Free expansion of an ideal gas

Click For Summary

Discussion Overview

The discussion centers on the free expansion of an ideal gas, particularly in the context of adiabatic processes and the reversibility of such expansions. Participants explore the implications of free expansion on internal energy, temperature, and entropy, while examining the conditions under which processes can be considered reversible or irreversible.

Discussion Character

  • Debate/contested
  • Technical explanation
  • Conceptual clarification

Main Points Raised

  • One participant asserts that in free expansion, since dU=0, the initial and final temperatures of the ideal gas must be equal, leading to the conclusion that Cv approaches infinity.
  • Another participant points out that the adiabatic relation used is only valid for reversible processes, and free expansion is not reversible.
  • There is a discussion about the definition of reversible processes, with a participant suggesting that reversible processes follow the same path in a p-v diagram when moving from initial to final states.
  • Participants discuss the method of calculating entropy changes in non-reversible paths by finding a reversible path between the same states.
  • One participant questions how entropy changes can indicate whether a process is reversible or irreversible, noting that the entropy change depends only on initial and final states for an ideal gas.
  • Another participant emphasizes that for reversibility, both the system and surroundings must return to their initial states without significant changes, prompting a request for a description of such a process in the context of free expansion.
  • A participant concludes that free expansion cannot be reversible because restoring the system to its initial state requires work to be done on the system, which changes the internal energy and temperature.
  • It is noted that compressing the gas back to its original state involves changes in the surroundings, thus further complicating the notion of reversibility.

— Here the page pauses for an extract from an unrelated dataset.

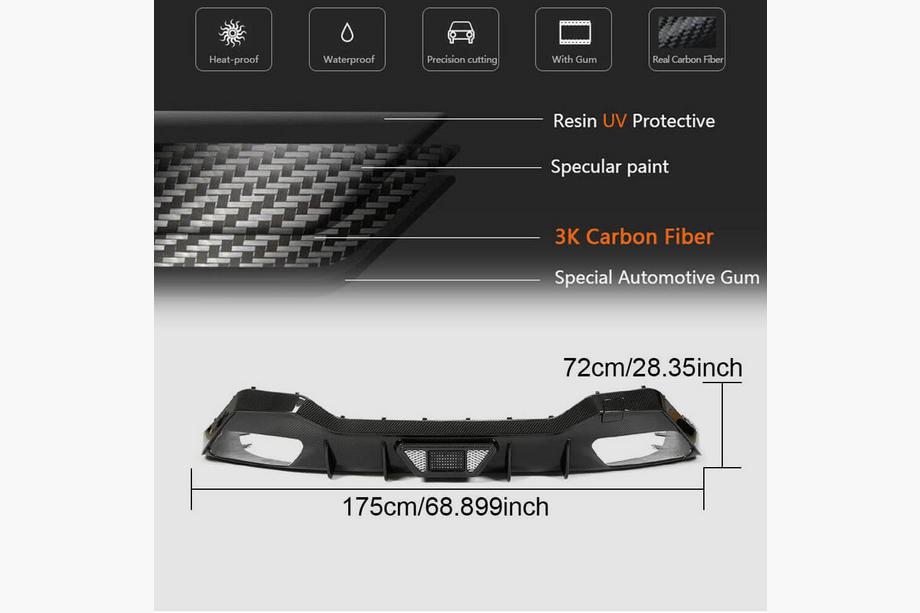 BMW 8 Series G14/G15/G16 2018- Heckdiffusor V1 für G14/G15 M-Sport, Carbon Foto 4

Areas of Agreement / Disagreement

Participants generally disagree on the reversibility of free expansion, with some arguing it cannot be reversible due to the work required to restore the system, while others discuss the definitions and implications of reversible processes without reaching a consensus.

Contextual Notes

Participants express uncertainty about the implications of entropy changes and the conditions necessary for reversibility, highlighting the complexity of defining processes in thermodynamics.

Apashanka
Messages
427
Reaction score
15
If considering the free expansion of an ideal gas adibatically such that the final volume is double of the initial volume.
Since dU=0 for free expansion ,which implies Ti=Tf for ideal gas...(1)
From adiabatic relation ,
TiViγ-1=TfVfγ-1, to satisfy (1) ,γ-1=0
and for ideal gas Cp-Cv=nR
or, γ-1=nR/Cv
And hence nR/Cv→0,
Or ,Cv→∞,?
 
Science news on Phys.org
Apashanka said:
From adiabatic relation ,
TiViγ-1=TfVfγ-1
That equation is only valid for a reversible adiabatic process. Free expansion is not reversible.
 
DrClaude said:
That equation is only valid for a reversible adiabatic process. Free expansion is not reversible.
Yah sir,
Is reversible process are those which follow the same path in the p-v diagram , when taken from final to initial state as of initial to final state.??
 
Apashanka said:
Is reversible process are those which follow the same path in the p-v diagram , when taken from final to initial state as of initial to final state.??
In a PV diagram, there is always a reversible path between any two points. This is actually the usual method used for calculating things when a non-reversible path is followed: find a reversible path between the initial and final states, and used that to find, e.g., the amount of additional entropy created along the non-reversible path.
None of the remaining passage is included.